Commands to validate	gdb
Solution	Contact cavisson client support team

Possible Reasons #3	Not enough space left on controller/generators
Steps to Diagnose	1) Check using df -h 2) Also can be check using nsu_sever_admin command
Commands to validate	1) Df -h 2) nsu_server_admin -s ip -c “df -h”
Solution

Possible Reasons #4	Some has stopped test forcefully
Steps to Diagnose	Ping generator IP
Commands to validate	ping ip
Solution	contact CS team

Possible Reasons #5	Generator went down
Steps to Diagnose	Check nsu_stop_test.log. It is present at $NS_WDIR/logs/TRxx
Commands to validate	vi $NS_WDIR/logs/TRxx/nsu_stop_test.log
Solution	Restart test if required

Not able to start test due to shared memory issue

Possible Reasons #1	Check NS/Generator System Health
Steps to Diagnose	1) Run command cat /proc/sys/kernel/shmmax 2) Value must be greater than buffer request in script. 3) On cavisson cloud machine there is approximate 20GB
Commands to validate	cat /proc/sys/kernel/shmmax
Solution	Check this value.
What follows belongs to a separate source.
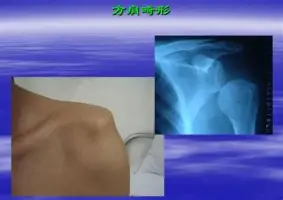 IM电竞官网-法兰克福围绕西甲强势反弹托特纳姆赛前迎来里程碑，马德里竞技围绕意大利杯单刀错失瞬间刷屏的简单介绍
It required root access

Unable to start test due to unknown host error

Possible Reasons #1	Due to DNS nameserver missing in entry file.
Steps to Diagnose	1) Check file cat /var/run/dnsmasq/resolv.conf 2) Entry will be like nameserver 8.8.8.8 3) If entry is not there then enter value manually.
Commands to validate	cat /var/run/dnsmasq/resolv.conf.
Solution	Keep nameserver entry in resolv.conf file

Possible Reasons #2	Due to host not reachable from source IP
Steps to Diagnose	Check host using ping command or using wget.
Commands to validate	1) ping hostname 2) wget hostname
Solution	Get whitelist source ip to host application.